Senin, 08 April 2013

Want Some Private Equity In Your 401(k)?

Private equity firms, the exclusive money managers overseeing $3 trillion worldwide for wealthy investors, are taking preliminary steps to target a new type of client: ordinary people. Carlyle Group (CG) and KKR (KKR), which usually require clients to commit at least $5 million, are lowering that threshold or starting funds that can be sold directly to individuals. Blackstone Group (BX) is developing similar products, according to a person familiar with the plans, who asked not to be named because final decisions on such products haven’t been made. Their ultimate goal is a slice of the $3.57 trillion Americans have accumulated in their 401(k) retirement plans. “We definitely would like to be part of 401(k) platforms,” says Michael Gaviser, a managing director responsible for individual investor products at KKR. “We think about it every day.”

To succeed, managers will have to overcome regulatory hurdles that ban them from selling to the masses. Under Securities and Exchange Commission rules, private equity funds are available only to accredited investors, generally defined as those with a net worth excluding primary residence of more than $1 million, or those earning more than $200,000 annually.

The managers will also have to convince savers that their returns justify the higher fees. Private equity firms aim to buy companies, improve their value, and sell them for a profit, using debt to finance the deals and amplify returns. They typically lock up investors’ money for 10 years, charge an annual management fee equal to 1.5 percent to 2 percent of committed funds, and keep 20 percent of profit from investments. From 2002 through 2012, private equity funds returned an average of 14 percent after fees, according to research firm PitchBook Data. U.S. stock funds gained an annualized 8.4 percent on average, and bond funds rose 5 percent a year, according to Morningstar (MORN).

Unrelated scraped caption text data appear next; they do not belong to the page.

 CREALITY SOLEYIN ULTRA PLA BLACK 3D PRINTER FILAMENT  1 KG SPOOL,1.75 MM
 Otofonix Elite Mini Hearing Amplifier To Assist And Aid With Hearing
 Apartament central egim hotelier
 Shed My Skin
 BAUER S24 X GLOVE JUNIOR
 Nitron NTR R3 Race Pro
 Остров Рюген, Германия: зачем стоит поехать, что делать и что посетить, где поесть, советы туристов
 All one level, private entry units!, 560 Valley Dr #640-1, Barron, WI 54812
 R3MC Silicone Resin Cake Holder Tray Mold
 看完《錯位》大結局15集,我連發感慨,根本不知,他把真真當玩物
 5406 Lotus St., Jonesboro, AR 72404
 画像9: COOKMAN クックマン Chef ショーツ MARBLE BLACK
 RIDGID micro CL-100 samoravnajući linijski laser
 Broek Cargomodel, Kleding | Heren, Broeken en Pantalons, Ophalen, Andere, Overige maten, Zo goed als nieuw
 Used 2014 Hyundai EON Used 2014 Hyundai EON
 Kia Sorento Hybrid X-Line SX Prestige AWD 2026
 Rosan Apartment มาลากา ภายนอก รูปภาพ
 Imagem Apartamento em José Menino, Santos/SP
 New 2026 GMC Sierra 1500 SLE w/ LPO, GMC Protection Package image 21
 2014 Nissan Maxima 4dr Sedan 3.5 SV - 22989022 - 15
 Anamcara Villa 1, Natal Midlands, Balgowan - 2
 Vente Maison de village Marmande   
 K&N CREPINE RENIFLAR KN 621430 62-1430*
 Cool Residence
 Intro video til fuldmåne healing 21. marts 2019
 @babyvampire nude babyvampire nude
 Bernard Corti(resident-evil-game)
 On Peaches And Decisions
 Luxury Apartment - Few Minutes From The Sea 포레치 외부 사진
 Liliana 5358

While private equity funds are a staple of many large pension plans, making them available to individuals poses dangers because they’re hard to understand and illiquid, and their fees are higher than those of traditional mutual funds, says David John, deputy director of the Retirement Security Project at the Brookings Institution. “Should this start to take hold,” he says, “there needs to be either a licensing, a seal of approval, or some level of higher oversight so people don’t find that they are investing in something that really isn’t suitable for their stage of life.”

KKR last year started two debt funds for individual investors. The KKR Alternative High Yield Fund, which became available in November, is a conventional mutual fund with a $2,500 minimum investment. The KKR Alternative Corporate Opportunities Fund is a closed-end fund with a minimum investment of $25,000 that permits withdrawals every three months. The funds invest in assets such as high-yield bonds and bank loans. KKR is close to being able to add the high-yield fund to the 401(k) it offers its own employees, which is administered by Fidelity, according to a person familiar with KKR’s plans. The firm views that as a step toward offering the investments to other Fidelity 401(k)-plan participants, says the person, who asked not to be identified because the information isn’t public. A Fidelity spokeswoman declined to comment on the matter.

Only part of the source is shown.